<<<<

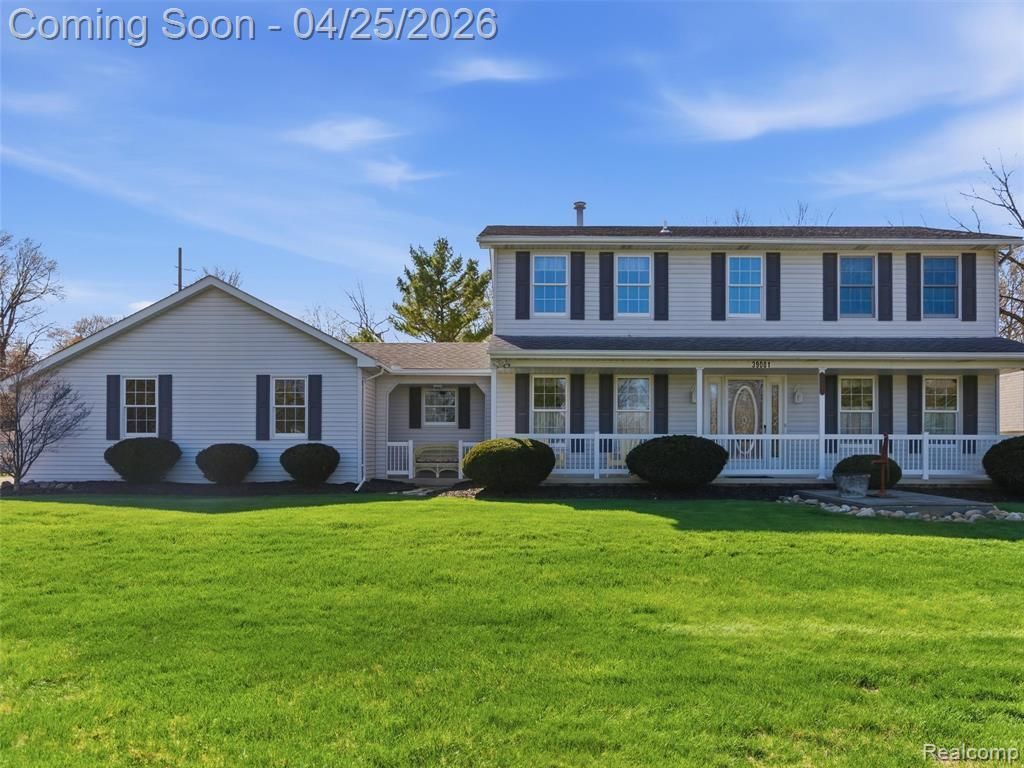 39001 Chartier Street, Harrison Township, MI 48045 Main Photo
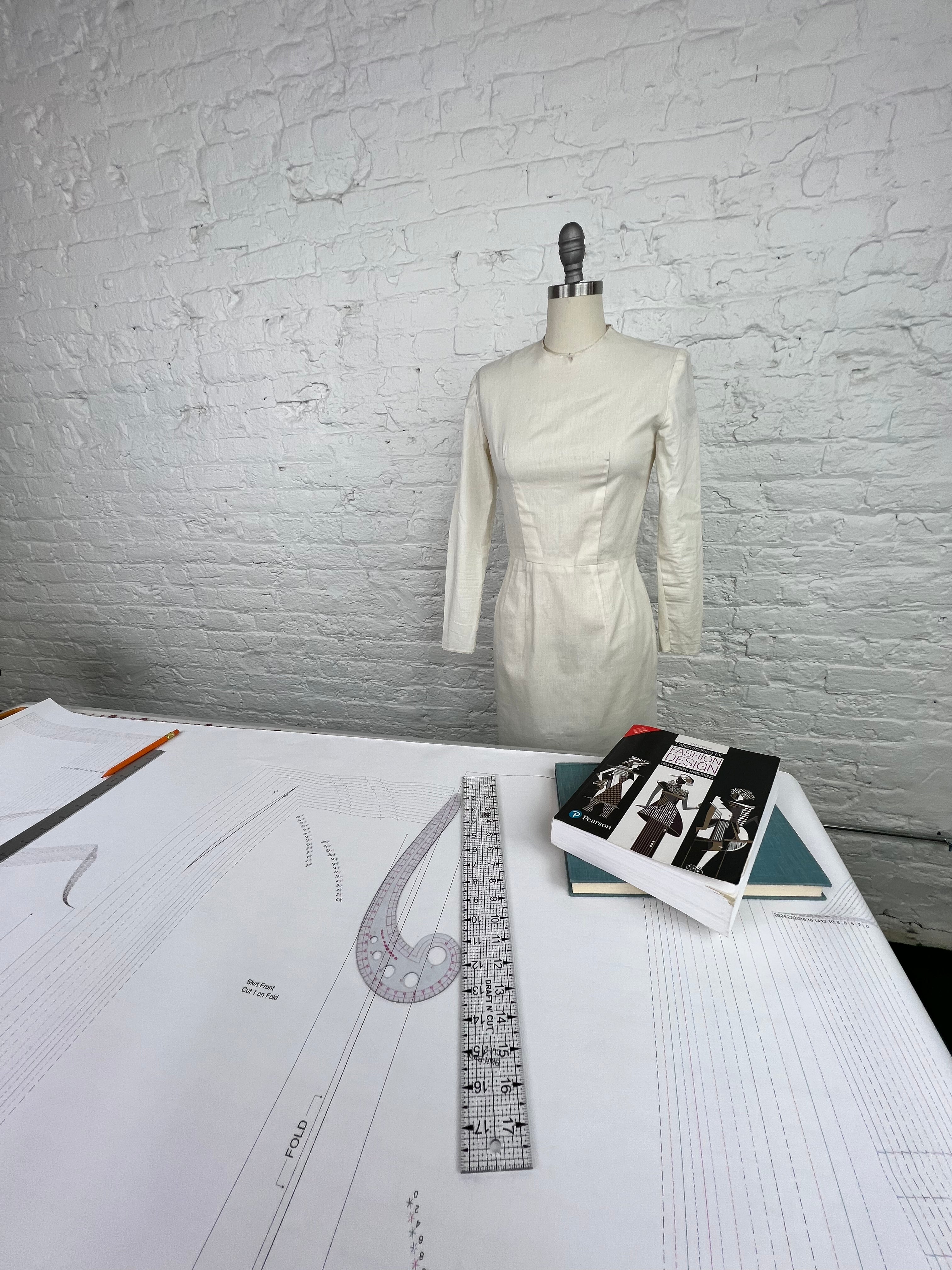 Sloper Dress PDF Pattern Download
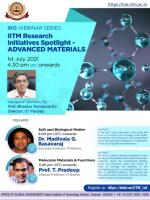 Webinar on 'Advanced Materials'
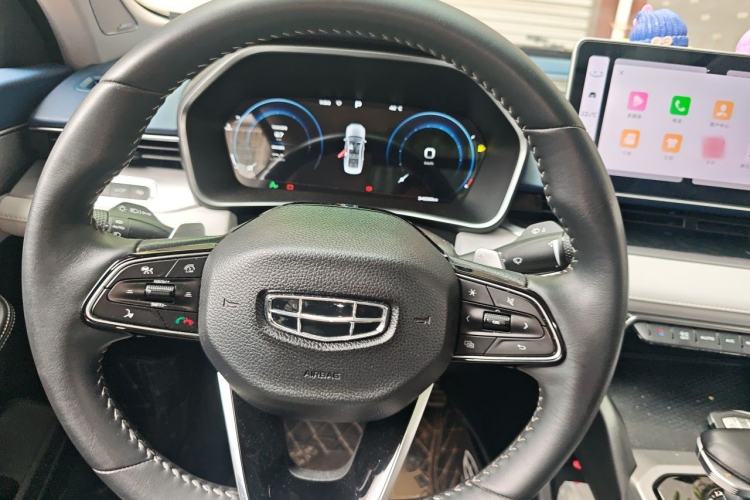 Used Geely Auto Preface 2023 2.0TD Prestige Version Steering Wheel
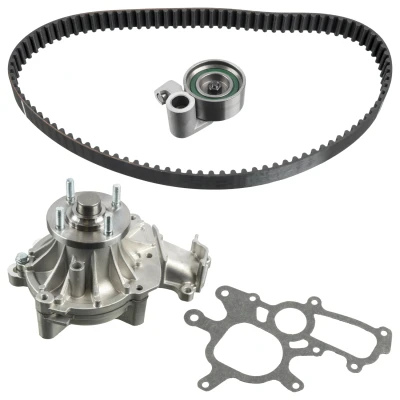 Bilde av FEBI BILSTEIN 173556 vannpumpe + Registerreimsett med TOYOTA: Land Cruiser Prado 120, HILUX 3 Pick up, HIACE 4 Kasten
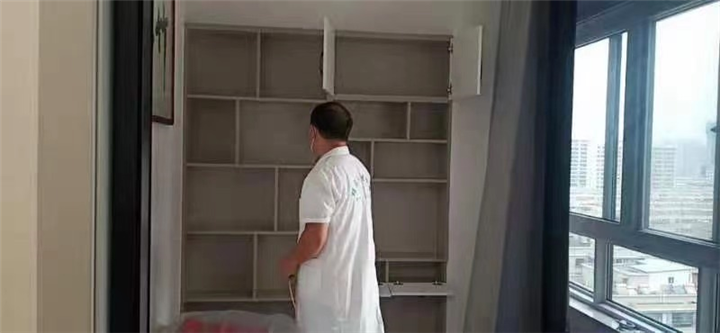 渭南高新云璟小区除甲醛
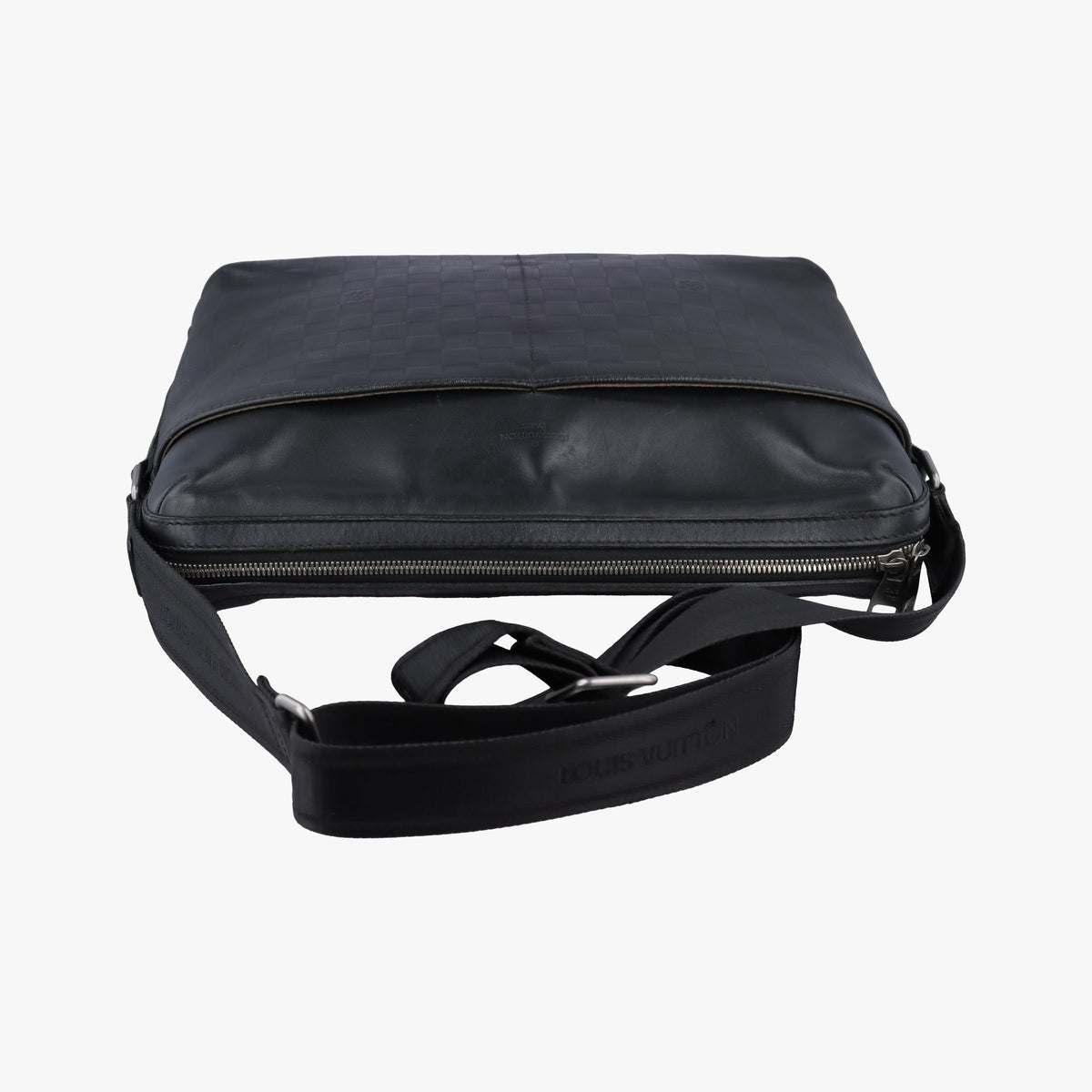 Pre-owned Louis Vuitton CALYPSO MM Noir Damier Infini N41201 shoulderbag | stylenewstar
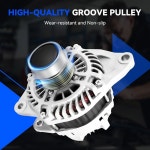 11231N 교류 발전기 115Amp 2007-2013 2007-2017 L4, 크라이슬러 2.0L 캘리버 패트리어트, 200 AMT0194 2.4L 컴퍼스 04801323AB... 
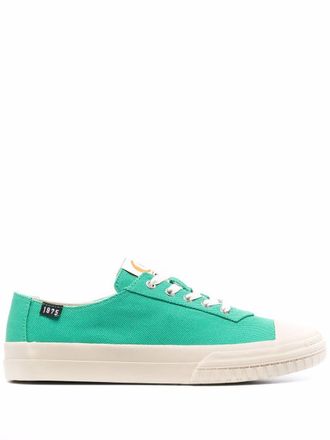 Camper Camaleon 1975 sneakers - men - Recycled Cotton/Rubber/Recycled Polyester/Recycled PET/Rubber/Recycled Rubber - 40 - Green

>>>>

Would you copy out the material above exactly, without the pictures in it?

 39001 Chartier Street, Harrison Township, MI 48045 Main Photo
 Sloper Dress PDF Pattern Download
 Webinar on 'Advanced Materials'
 Used Geely Auto Preface 2023 2.0TD Prestige Version Steering Wheel
 Bilde av FEBI BILSTEIN 173556 vannpumpe + Registerreimsett med TOYOTA: Land Cruiser Prado 120, HILUX 3 Pick up, HIACE 4 Kasten
 渭南高新云璟小区除甲醛
 Pre-owned Louis Vuitton CALYPSO MM Noir Damier Infini N41201 shoulderbag | stylenewstar
 11231N 교류 발전기 115Amp 2007-2013 2007-2017 L4, 크라이슬러 2.0L 캘리버 패트리어트, 200 AMT0194 2.4L 컴퍼스 04801323AB... 
 Camper Camaleon 1975 sneakers - men - Recycled Cotton/Rubber/Recycled Polyester/Recycled PET/Rubber/Recycled Rubber - 40 - Green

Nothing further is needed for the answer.